The U.K. Financial Reporting Council announced the findings of a disciplinary tribunal of the firm’s audits of Carillion for the fiscal year ending Dec. 31, 2016 and Regenersis for the fiscal year ending June 30, 2014. In May, the FRC announced that KPMG would be fined £14.4 million ($17.3 million), but that was reduced from £20 million ($24.1 million) because of KPMG’s self-reporting, cooperation and admissions in the cases (see story). KPMG admitted its liability for the acts of all the individuals and that those acts amounted to misconduct, according to the FRC. KPMG also agreed to pay £3.95 million ($4.76 million) toward the FRC executive counsel’s costs for the investigation along with the costs of the disciplinary tribunal.
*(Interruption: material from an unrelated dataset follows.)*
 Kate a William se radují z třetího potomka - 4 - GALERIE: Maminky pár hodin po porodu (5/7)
The allegations concerned the provision of false and misleading documents and information to FRC Audit Quality Review teams. The tribunal found there had been misconduct with Carillion concerning the minutes of year-end “clearance” meetings during Audit Quality Review inspections, and an audit working paper on the selection of contracts for audit testing, that were presented to the AQR inspectors as if they had been created during the Carillion audit.
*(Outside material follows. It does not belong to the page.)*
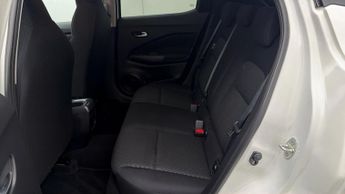 Nissan Juke DIG-T ACENTA DCT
The tribunal also uncovered misconduct during the Regenersis inspection, with two of the staffers creating false or misleading audit working papers and representations on goodwill to the AQR inspectors. The formal complaint didn’t allege misconduct arising from the performance of either audit, however, nor did it allege that in either case the financial statements had not been properly prepared.
A former KPMG partner and four former employees were fined in amounts ranging from £30,000 ($36,000) up to £250,000 ($301,000) and excluded from membership in the Institute of Chartered Accountants in England and Wales, while one was “severely reprimanded.”
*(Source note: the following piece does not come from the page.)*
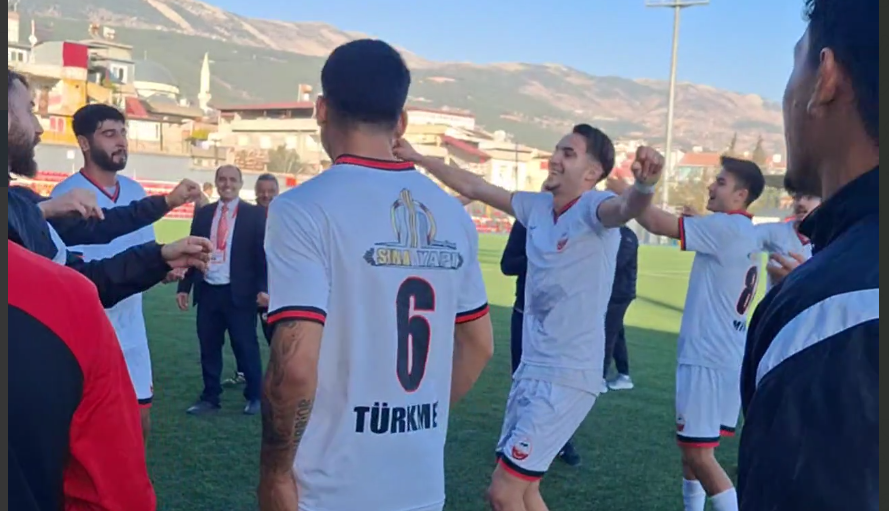 Kahramanmaraşspor’dan Erik Dalı ile Galibiyet Kutlaması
“Misconduct that deliberately undermines the FRC’s ability to monitor and inspect the effectiveness of audits is extremely serious because it obstructs the FRC’s ability to protect the public interest,” said FRC executive counsel Elizabeth Barrett in a statement. “This case underlines the need for all professional accountants, regardless of seniority, to be aware of their individual responsibility to act honestly and with integrity in all areas of their work.”
In addition to KPMG’s admissions of liability and misconduct, the tribunal also identified some important mitigating factors, including KPMG’s conduct in bringing the misconduct to the attention of the FRC, its cooperation with the FRC’s inquiry, and the action it has taken to address the possibility of recurrence.
KPMG did not immediately respond to a request for comment, but KPMG U.K. chief executive Jon Holt said, “I accept the findings and sanctions of the tribunal in full,” according to Reuters.